吉備高原の南端に開けた町です。1954年の昭和の大合併で、岡山県小田郡の美山町と星田町が合併して美星町となっています。平均標高300m、東西12km、南北13km、総面積72.7平方km、1,783戸、5,296人。古くから宅神、株神、荒神、氏神など4層の祭りを通して血縁や地縁の結束を確かめてきたようで、今も中世の集落景観を残す、しっとりとした地域です。
その昔、この一帯は星の郷と呼ばれるようになった、といわれます。流れ星が空中で3つに分かれ、星田村の北槙、八日市、本村に落ちた。これを神の使いと信じた人々は、星尾神社、高星神社、明神社を建てたことに由来します。その1つ、星尾神社@を訪れました。
承久年間、順徳帝の時代に落ちた流れ星が、水田の中で光り輝いていた。そこで村人は、正中元年(1324年)に星尾神社を建て、それまでの黒田村を星田村に改めたそうです。

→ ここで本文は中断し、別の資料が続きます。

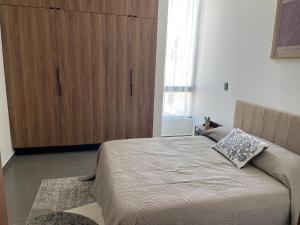 Stylish Brand New Condo Steps to Beach & Malecón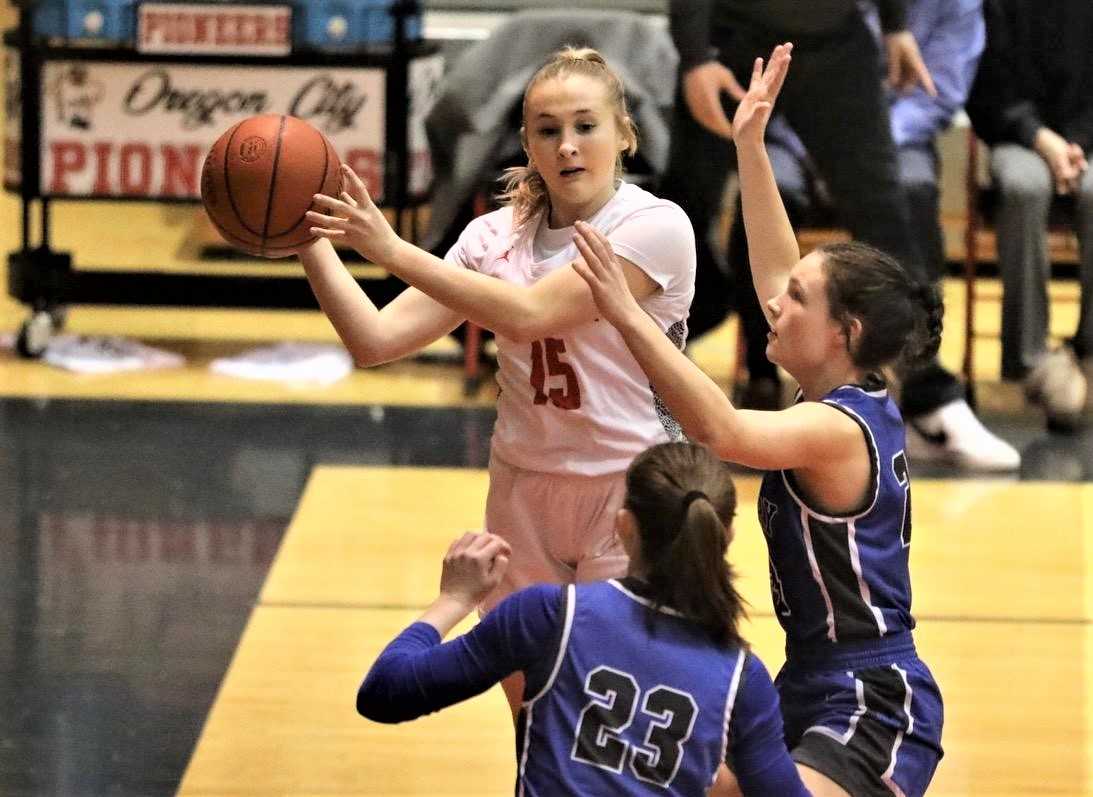 Oregon City's Mollie Miller works around the defense of McNary's Avery Buss (23) and Bella Rodriguez. (Photo by Norm Maves Jr.)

訪れた仏画作家・あだち幸さんのお宅は、美星町の北東の角、烏頭地区の高台にありました。そのアトリエの南側にあるテラスから、烏頭と宇戸の2つの地域が見渡せますA。美星町の10分の1ほどの面積をしめる盆地状の一角ですが、なんとも幻想的な光景でした。小高い山並みの斜面には、棚田や赤土の畑が広がり、そこかしこに集落がありました。
このこんなところに住まうのは幸せだろうなと思いました。日本人の心の故郷はこのような光景ではないでしょうか。そのような気分にされました。